Your output should be the complete listing, word for word, with no pictures in it.

━━━━━ Collected data ━━━━━

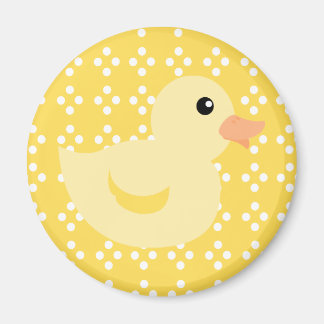 Aimant Canard tacheté en jaune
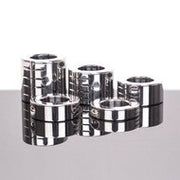 Kiotos - Ballstretcher RVS Met Groeven Scharnierend 14 mm Hoog - Diameter 35 mm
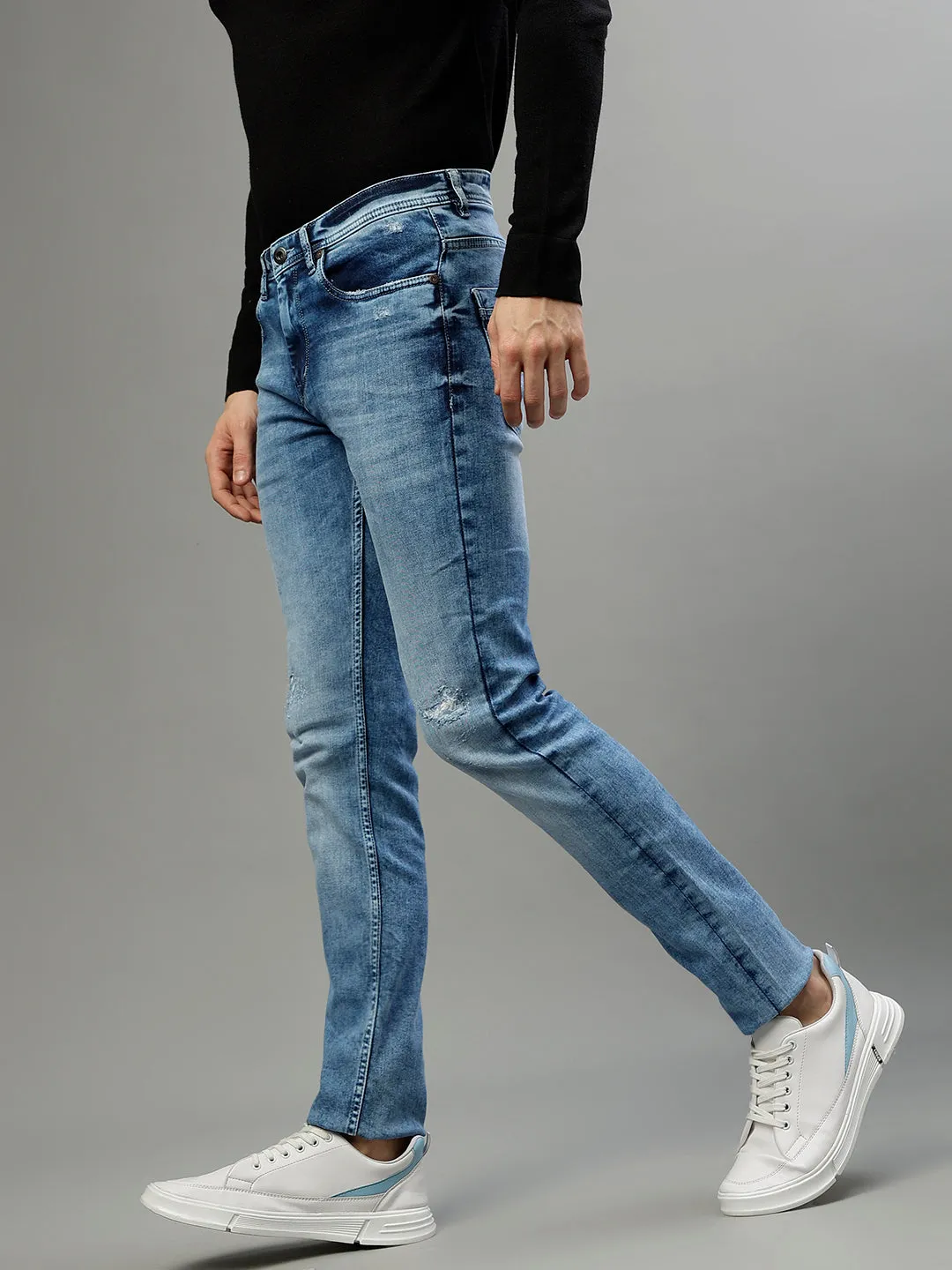 Lindbergh Men Solid Skinny Fit Jeans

━━━━━

## [Written answer]
 Aimant Canard tacheté en jaune
 Kiotos - Ballstretcher RVS Met Groeven Scharnierend 14 mm Hoog - Diameter 35 mm
 Lindbergh Men Solid Skinny Fit Jeans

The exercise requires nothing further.